:: Extracted information ::
· · · · ·

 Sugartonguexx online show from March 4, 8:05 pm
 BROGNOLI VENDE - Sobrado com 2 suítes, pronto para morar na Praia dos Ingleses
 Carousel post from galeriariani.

· · · · ·

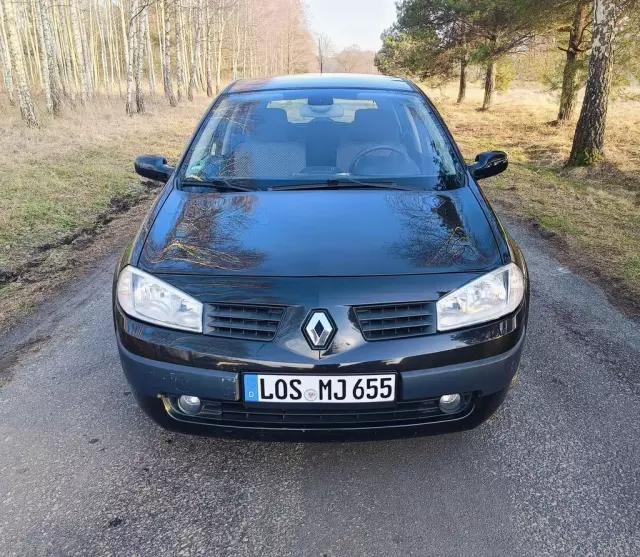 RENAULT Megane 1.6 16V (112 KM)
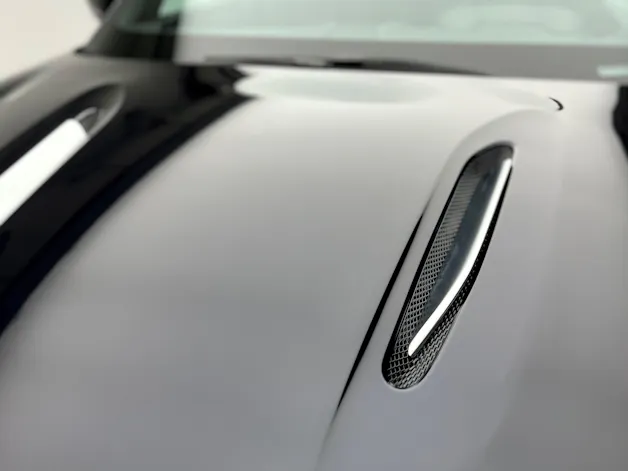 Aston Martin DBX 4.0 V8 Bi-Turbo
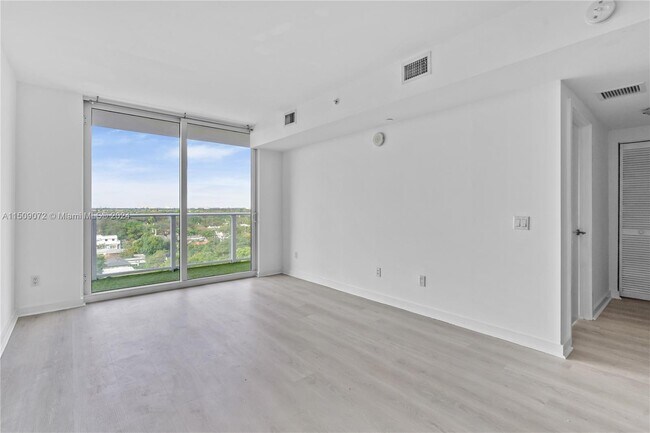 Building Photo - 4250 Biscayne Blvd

· · · · ·

:: What is needed ::
Search the entries for the string "from". Copy every line that has it.

:: Exercise answer ::
 Sugartonguexx online show from March 4, 8:05 pm
 Carousel post from galeriariani.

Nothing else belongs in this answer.